As used in this Agreement, the term "Trade Secrets" shall mean and
include information, without regard to form, including, but not limited to,
technical or non-technical data, a formula, a pattern, a compilation, a program,
a device, a method, a technique, a drawing, a process, financial data, financial
plans, product plans, or a list of actual or potential customers or suppliers
which is not commonly known by or available to the public and which information
(i) derives economic value, actual or potential, from not being known to, and
not being readily ascertainable by proper means by, other persons who can obtain
economic value from its disclosure or use; and (ii) is the subject of efforts
that are reasonable under the circumstances to maintain its secrecy. In
addition, the term "trade secrets" includes all information protectible as
"trade secrets" under applicable law.
Nothing in this Section 6 shall limit any protection, definition or
remedy provided to the Company under any law, statute or legal principle
relating to Confidential Information or Trade Secrets.

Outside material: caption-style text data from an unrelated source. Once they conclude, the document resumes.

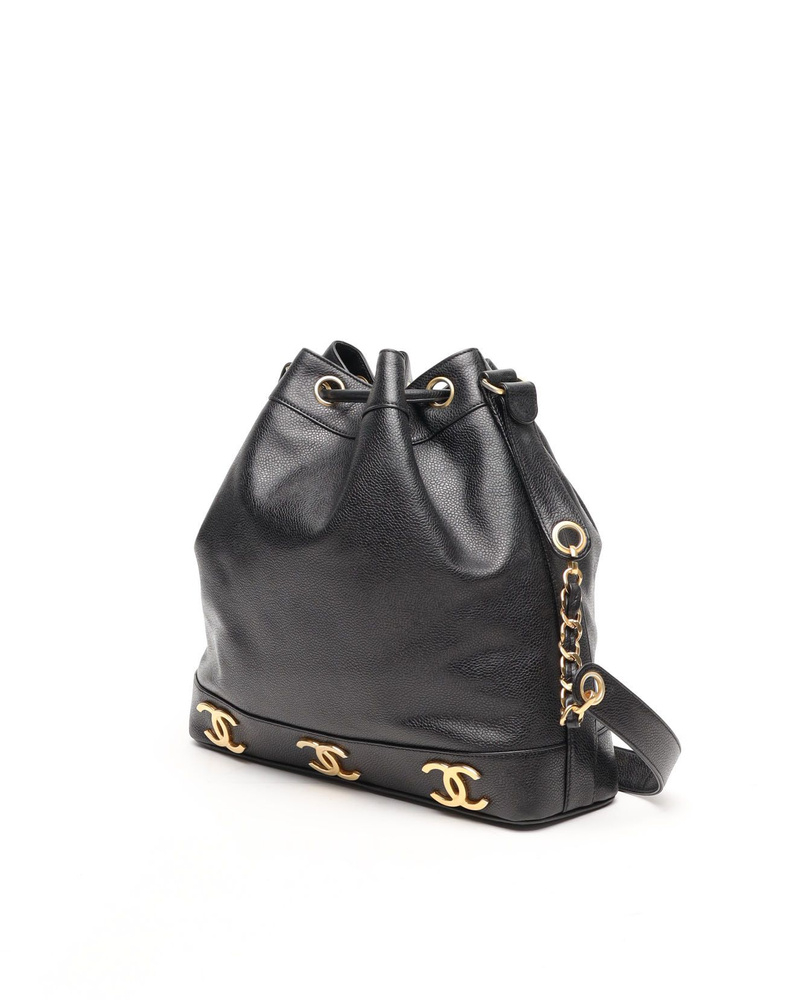 Chanel CC Caviar Bucket Bag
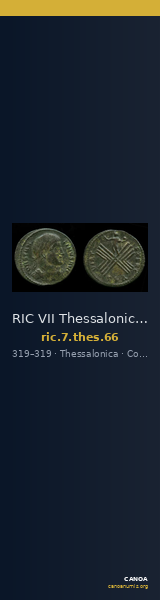 RIC VII Thessalonica 66 — CANOA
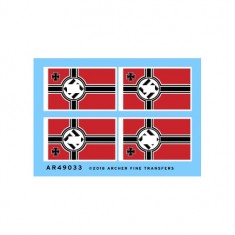 1/48 German Kreigsmarine Ensigns Dry Transfers Decal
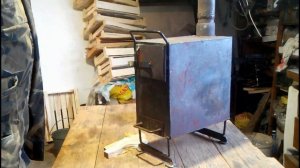 Самодельная рыбацкая печка длительного горения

Executive agrees that at the time of leaving the employ of the Company,
Executive will deliver to the Company and not keep or deliver to anyone else,
all notes, notebooks, drawings, memoranda, documents, and in general, any and
all material relating to the business of the Company (except Executive's
personal files and records) or relating to any employee, officer, director,
agent or representative of the Company.
7. NON-COMPETITION; NON-SOLICITATION
(a) Executive hereby agrees and covenants that during the period of
Executive's employment at the Company, Executive will not directly or indirectly
engage in or become interested (whether as an owner, principal, agent,
stockholder, member, partner, trustee, venturer, lender or other investor,
director, officer, employee, consultant or through the agency of any
corporation, limited liability company, partnership, association or agent or
otherwise) in any business or enterprise that shall, at the time, be in whole or
in substantial part competitive with any material part of the business conducted
by the Company (which, for purposes of this Section 7 shall include the
Company's subsidiaries and affiliates) during the period of Executive's
employment with the Company (except that ownership of not more than 1% of the
outstanding securities of any class of any entity that are listed on a national
securities exchange or traded in the over-the-counter market shall not be
considered a breach of this Section 7(a)).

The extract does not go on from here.